His most famous play was a 64-yard interception return for a touchdown against the number 2 ranked University of Southern California in 1988. He also helped the team win a national championship and achieve a school-record 23-game winning streak.

==Professional career==

===Los Angeles Raiders===
Smagala was selected by the Los Angeles Raiders in the fifth round (123rd overall) of the 1990 NFL draft, but was immediately traded to the Dallas Cowboys in exchange for a sixth round (#158-James Williams), eighth round (#197-Arthur Jimerson), ninth round (#230-Leon Perry), tenth round (#259-Jim Szymanski) and an eleventh round (#304-Myron Jones) draft choice.

===Dallas Cowboys===
On September 23, 1990, he suffered a broken left forearm while helping force a fumble against the Washington Redskins and was placed on the injured reserve list. In that game, he also saw action at strong safety. He finished the season with 2 special teams tackles and one quarterback pressure.

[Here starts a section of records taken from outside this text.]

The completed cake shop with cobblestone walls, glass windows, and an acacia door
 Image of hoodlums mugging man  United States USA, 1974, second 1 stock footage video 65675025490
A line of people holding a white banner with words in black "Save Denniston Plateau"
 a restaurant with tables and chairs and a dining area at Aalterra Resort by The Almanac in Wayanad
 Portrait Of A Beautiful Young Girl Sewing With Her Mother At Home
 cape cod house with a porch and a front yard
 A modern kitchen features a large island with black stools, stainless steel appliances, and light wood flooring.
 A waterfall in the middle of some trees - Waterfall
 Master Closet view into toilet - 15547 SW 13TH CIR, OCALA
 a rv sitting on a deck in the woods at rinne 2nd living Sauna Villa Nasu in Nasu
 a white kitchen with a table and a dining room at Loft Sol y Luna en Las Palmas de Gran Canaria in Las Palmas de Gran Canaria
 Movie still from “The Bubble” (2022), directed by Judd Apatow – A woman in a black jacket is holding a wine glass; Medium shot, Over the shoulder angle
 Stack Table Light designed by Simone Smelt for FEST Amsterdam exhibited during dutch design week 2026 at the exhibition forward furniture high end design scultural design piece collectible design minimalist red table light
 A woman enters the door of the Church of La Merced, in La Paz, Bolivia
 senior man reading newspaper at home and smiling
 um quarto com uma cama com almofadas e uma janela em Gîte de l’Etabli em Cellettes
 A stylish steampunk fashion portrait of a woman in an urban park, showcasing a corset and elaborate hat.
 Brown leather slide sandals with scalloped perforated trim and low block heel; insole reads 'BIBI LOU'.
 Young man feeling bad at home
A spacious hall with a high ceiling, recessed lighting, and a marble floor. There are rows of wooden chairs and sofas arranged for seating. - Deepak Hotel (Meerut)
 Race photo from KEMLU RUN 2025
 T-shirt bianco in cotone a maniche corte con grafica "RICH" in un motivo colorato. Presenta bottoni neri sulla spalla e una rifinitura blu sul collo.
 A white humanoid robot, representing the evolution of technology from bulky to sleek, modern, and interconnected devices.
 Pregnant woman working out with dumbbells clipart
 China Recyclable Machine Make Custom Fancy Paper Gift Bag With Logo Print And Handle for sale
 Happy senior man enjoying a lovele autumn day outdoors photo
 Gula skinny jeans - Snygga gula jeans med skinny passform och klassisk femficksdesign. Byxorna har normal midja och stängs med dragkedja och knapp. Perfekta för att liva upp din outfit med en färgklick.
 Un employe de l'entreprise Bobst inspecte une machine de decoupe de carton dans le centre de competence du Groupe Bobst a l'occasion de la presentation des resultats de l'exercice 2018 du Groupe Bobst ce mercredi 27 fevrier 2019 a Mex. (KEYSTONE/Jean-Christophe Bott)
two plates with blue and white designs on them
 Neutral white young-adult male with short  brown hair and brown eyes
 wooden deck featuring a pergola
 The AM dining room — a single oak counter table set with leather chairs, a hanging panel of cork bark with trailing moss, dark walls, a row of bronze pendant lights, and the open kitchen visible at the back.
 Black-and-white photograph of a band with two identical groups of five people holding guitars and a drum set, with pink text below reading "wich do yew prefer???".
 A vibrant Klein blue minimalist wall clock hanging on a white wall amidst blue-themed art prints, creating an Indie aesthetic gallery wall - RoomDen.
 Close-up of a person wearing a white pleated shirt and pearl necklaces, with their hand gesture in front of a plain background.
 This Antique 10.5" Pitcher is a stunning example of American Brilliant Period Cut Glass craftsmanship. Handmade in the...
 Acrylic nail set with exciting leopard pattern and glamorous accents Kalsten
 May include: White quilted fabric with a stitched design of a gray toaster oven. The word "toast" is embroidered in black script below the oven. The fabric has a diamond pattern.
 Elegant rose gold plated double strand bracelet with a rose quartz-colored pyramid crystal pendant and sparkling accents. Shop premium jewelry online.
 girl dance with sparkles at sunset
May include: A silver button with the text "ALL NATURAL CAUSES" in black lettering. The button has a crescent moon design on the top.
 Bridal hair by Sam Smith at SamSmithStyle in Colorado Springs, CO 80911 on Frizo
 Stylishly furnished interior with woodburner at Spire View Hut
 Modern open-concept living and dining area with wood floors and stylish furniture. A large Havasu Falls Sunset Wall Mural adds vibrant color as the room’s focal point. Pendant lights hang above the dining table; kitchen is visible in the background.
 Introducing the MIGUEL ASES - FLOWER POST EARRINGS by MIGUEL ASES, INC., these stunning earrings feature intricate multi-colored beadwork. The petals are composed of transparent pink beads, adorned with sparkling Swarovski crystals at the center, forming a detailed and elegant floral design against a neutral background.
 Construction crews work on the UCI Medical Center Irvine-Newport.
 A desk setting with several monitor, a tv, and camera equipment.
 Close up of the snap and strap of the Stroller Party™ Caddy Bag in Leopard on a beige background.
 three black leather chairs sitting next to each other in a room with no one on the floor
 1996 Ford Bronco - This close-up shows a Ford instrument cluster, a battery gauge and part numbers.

He was waived on August 26, 1991. On October 17, he was re-signed to replace first-year player Donald Smith. He appeared in 8 games, playing mainly on special teams and making 8 tackles.

===Pittsburgh Steelers===
On April 2, 1992, the Pittsburgh Steelers signed Smagala as a Plan B free agent. He was placed on the injured reserve list with a knee injury on September 1. He was released on August 22, 1993.

==Personal life==
After football, he worked for a Real Estate Development company.